建物入口は、2012年に当時の森内俊之名人と羽生善治王位による第70期将棋名人戦が行われたことで話題を呼んだ「アートホテル小倉 ニュータガワ」と同じくするが、敷地内の離れとなるこの宿は、ホテルとはまた別世界の佇まいである。
趣深い日本庭園を居室から眺めることができる贅沢な建物は、和風建築の様式美を残す本格的な数寄屋造りで、深い庇(ひさし)に土壁、そして、美しい緑青となった屋根には銅板が用いられている。
そして、この宿の建物は昨年2022年に、国の「登録有形文化財(建造物)」に登録された。登録にあたっては、「伝統的な数寄屋建築の構成の中に、近代的な設備や斬新な意匠を施すことにおける近代数寄屋の先進事例として価値が高い」と評価されている。
各居室から様々な眺めが楽しめる庭園は、池泉(ちせん)回遊式庭園といわれる、大きな池を中心に、小島、橋、名石などで各地の景勝地を再現した形式の庭園で、700 坪ほどの広さがある。実際に散策することができ、風情ある滞在時間を過ごすことができる。
旅館の宿泊部屋はたった3部屋。部屋というより平屋の日本家屋のような各棟は、74.6m2(10畳+7.5畳)の棟から110.5m2(15畳+7.5畳)の棟までとゆったりとした空間で、それぞれ、「菅生(すがお)」「企救(きく)」「玄海(げんかい)」と、北九州の地にゆかりのある名称が各棟に付けられている。
3棟の居室は、それぞれに、長押(なげし)や天井に施された繊細な細工、欄間や明かり取りなど、数奇の心を散りばめつつも、高度で確かな数寄屋大工の技法が随所に発揮されており、風雅なしつらえによる空間が心地よい。
日本庭園は、約130年前の明治22年に、この地で豊国炭鉱を経営していた当時の貴族院議員、山本貴三郎氏を施主として完成した。東に流れる紫川の支流より運水を取り入れ、標高597.8mの足立山を借景とするなど、平安期から続く日本庭園の伝統に則って作庭されており、当時の宮大工棟梁や庭師の技術の高さが伺える。
そして、本館となる「ホテルニュータガワ」の建物は大正4年、小倉の実業家小林徳一郎氏が、山本貴三郎氏より引継ぎ、当時は「豊山閣」と名付けられて、文化団体の会合や茶の湯、俳句会などが催された。小林徳一郎氏は後に小倉の西海岸の埋め立て工事や、鉄道工事、小学校建設など多くの事業を成し遂げ、また出雲大社に大鳥居を建てたり280本の松を寄進するなど篤志家でもあった。

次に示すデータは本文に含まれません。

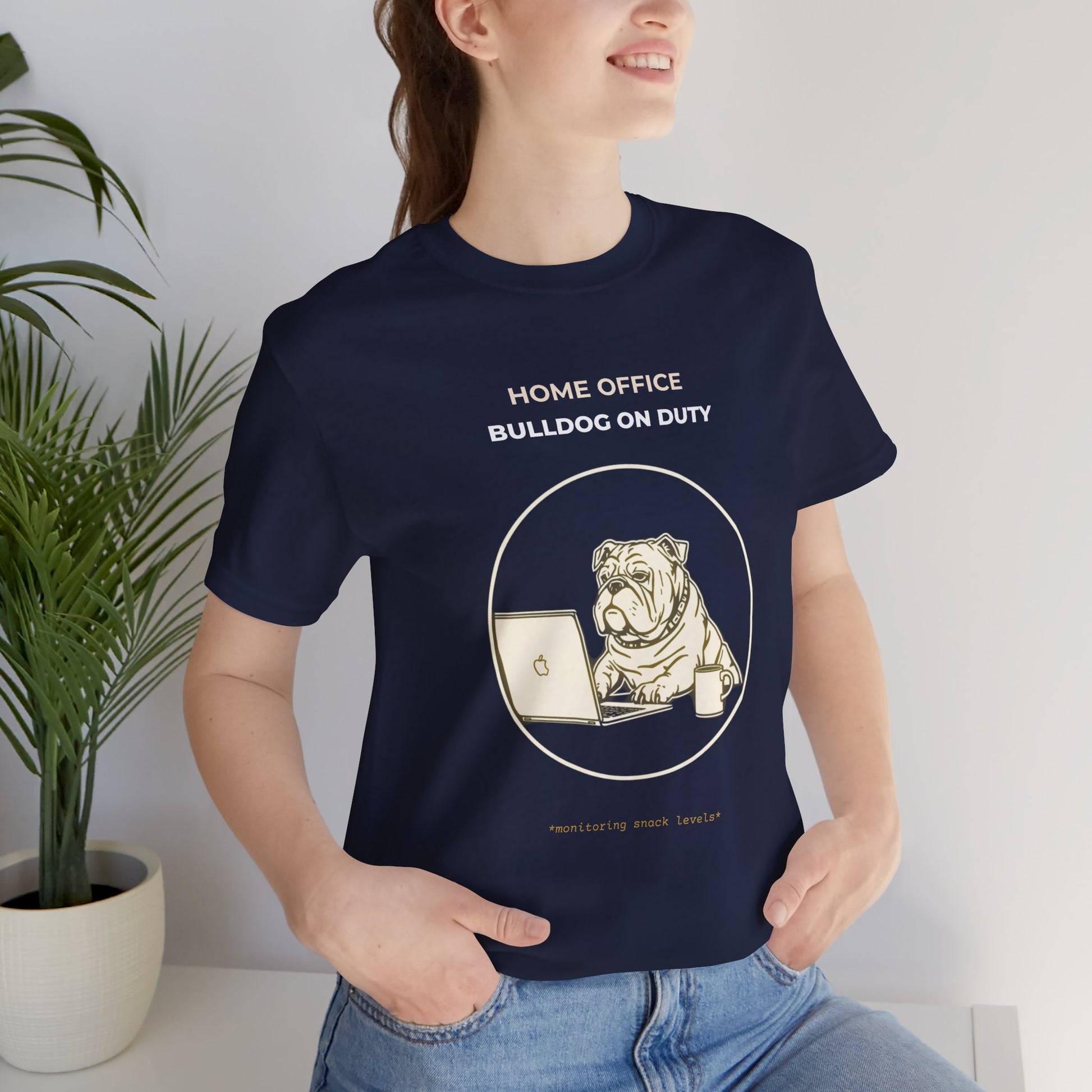 Home Office Bulldog On Duty t-shirt — funny work from home dog tee on Bella+Canvas 3001, view 4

古くは高松宮妃、常陸宮殿下、中曽根康弘元首相、力道山、美空ひばりなど昭和の著名人らも「豊山閣」を利用していたそうだ。
庭園内には、かつて築造されていた平安朝の建築様式であるヒノキ皮葺き神殿造りの建物が、その様式美と面影を残す形で建て替えられ、現在は「All Day Dining shizuku(オールデイダイニング シズク)」(アートホテルニュータガワの1階)として営業している。

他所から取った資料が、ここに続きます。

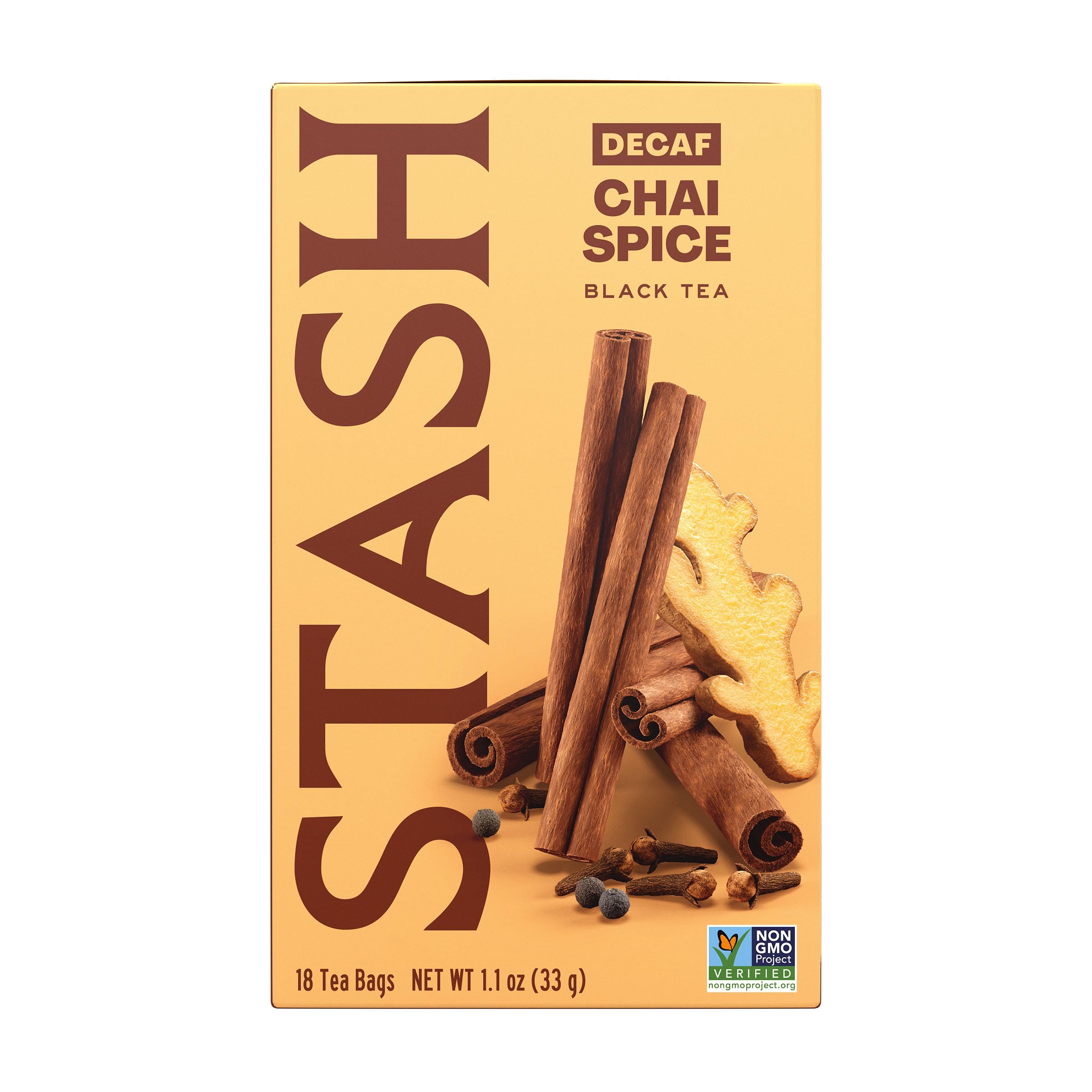Stash Tea Decaf Chai Spice Black Tea - Decaf, Non-GMO Project Verified Premium Tea with No Artificial Ingredients, 18 Count (Pack of 6) - 108 Bags Total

日本庭園を眺めながらの夕食は、会席料理や鉄板焼などが楽しめる。会席では、松茸土瓶蒸しや河豚刺しのお造り、鱧ちりの鍋物や、のどぐろの塩焼き、黒毛和牛の鉄板焼など、高級食材がふんだんに使われたお料理が堪能できる。季節ごとに、山海の幸による豊かな旬の味が提供される。
朝食では、和洋を折り混ぜた豪華なブッフェが楽しめる。翠水の宿泊者は、こちらのブッフェのお食事以外にも、板長厳選の贅沢な2品が用意されており、この日は、国産牛のすき焼きと鯛茶漬けといった特別なお料理が供された。
夜はまた、観月の場ともなり、味わい深い風雅なひとときが過ごせる。松につつじ、さつきが季節ごとに彩りを添える庭の景観に灯篭の光が差す。心地よい活気に満ちた小倉の街に佇む、歴史風情あふれる上質な宿で、至福の時間を過ごすはいかがだろうか。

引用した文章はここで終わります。